Central Coast Council this week began the replacement phase of a months-long audit of digital imagery used across its online planning portal, community engagement pages, and internal documents — a project that staff have been quietly working through since the council's return to elected representation in late 2022 following its period of administration.

The review matters now because the council is mid-stream on several high-visibility projects, including the Gosford CBD revitalisation program and updated flood-risk mapping for low-lying suburbs around Tuggerah Lake. Duplicate or outdated aerial photographs embedded in publicly available planning documents can create real confusion for residents, developers, and community groups trying to understand what approvals apply to which sites.

What the Audit Found

The audit, carried out by the council's Information and Digital Services unit, identified imagery problems across multiple areas of the council's digital footprint. Aerial shots of the Gosford waterfront precinct — key to current rezoning discussions along Mann Street and the Leagues Club site — were found duplicated across at least three separate development-related web pages, some carrying metadata timestamps from before 2019. Photographs used in the council's community consultation pages for the Wyong Town Centre activation project were similarly flagged, with several images showing construction hoardings that were removed years ago.

The Entrance Road corridor, which has been the subject of active traffic and pedestrian safety discussions in 2025 and 2026, also appeared in the audit as an area where street-level imagery no longer reflected current conditions. A roundabout upgrade completed near Tuggerah in the 2024–25 financial year had not been reflected in any of the photographs attached to the council's transport planning summary pages.

Council's digital team has been working through a priority list, starting with assets linked to live Development Applications and moving outward to general community-information pages. The Mann Street and Donnison Street precincts in Gosford, both central to the CBD renewal ambitions that have dominated council debate for the past three years, were listed in the first tranche of replacements completed this week.

Why Outdated Images Create Practical Problems

For residents and small business owners navigating the DA process, the presence of duplicate or stale imagery is more than a cosmetic issue. Planning documents that show an incorrect site photograph — or the same photograph applied to two different lots — can trigger requests for clarification from council assessors, adding weeks to assessment timelines. The council's DA processing backlog has been a persistent concern since administration ended; the average residential DA in the 2024–25 annual report took longer than the state benchmark to determine, a figure the current elected council has committed to improving.
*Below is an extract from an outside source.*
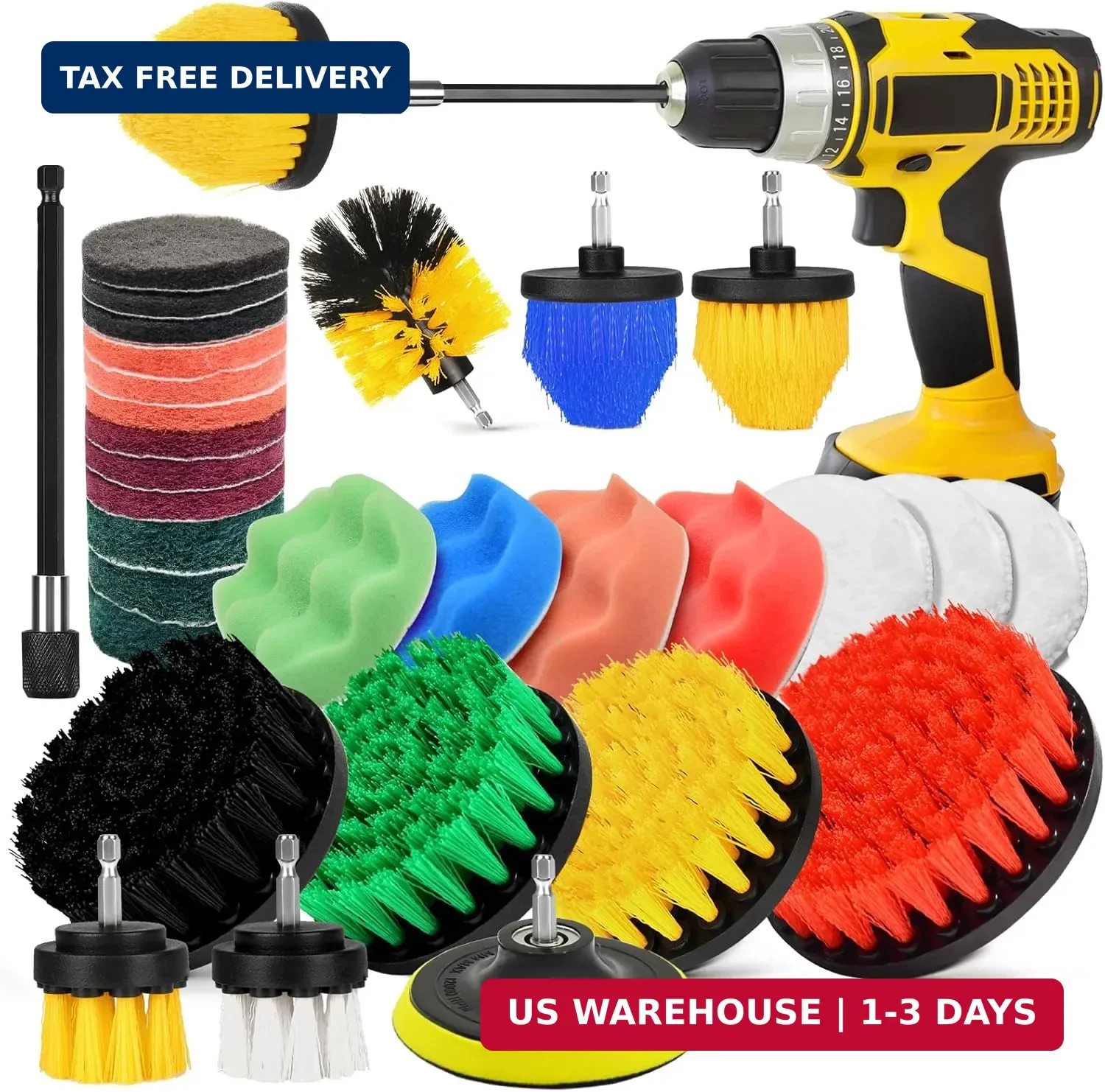 30Pcs Drill Brush Attachment Set,Drill Scrubber Brush Kit Include Scrub Pads, Sp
Property professionals working on developments near Terrigal Drive in Erina, and along the Pacific Highway corridor through Tuggerah and Wyong, have raised the imagery issue informally at council business engagement sessions held earlier this year. Those sessions, run through the council's Economic Development team, drew attendees from the local construction and real estate sectors who flagged inconsistencies they had noticed while preparing development applications.

The council has not published a formal timetable for completing all image replacements across its full digital asset library, but the Information and Digital Services unit indicated in a council briefing paper circulated to elected members in June 2026 that high-priority planning and engagement pages would be updated before the end of the September 2026 quarter.
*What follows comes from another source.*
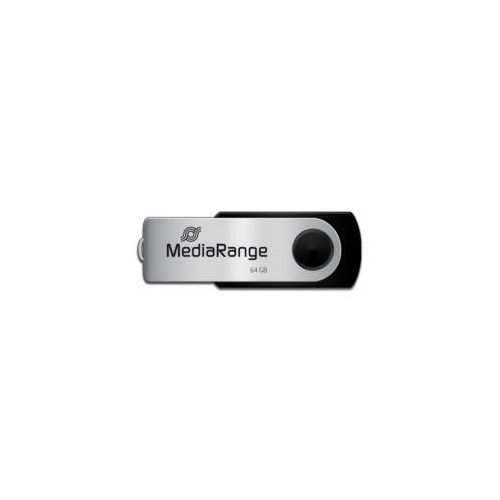 USB Stick MediaRange Serie MR, 64 GB, USB 2.0, Drehkappengehäuse, B 11 x T 11 x H 56 mm, schwarz-silber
Residents who spot outdated or duplicated images on council planning pages can report them through the council's website feedback function or by contacting the Customer Service centre at 150 Mann Street, Gosford. Anyone who has submitted a DA in the past 12 months and believes an incorrect site photograph may have been attached to their application is advised to contact their assigned assessment planner directly to confirm the correct imagery is on file before their application moves to determination.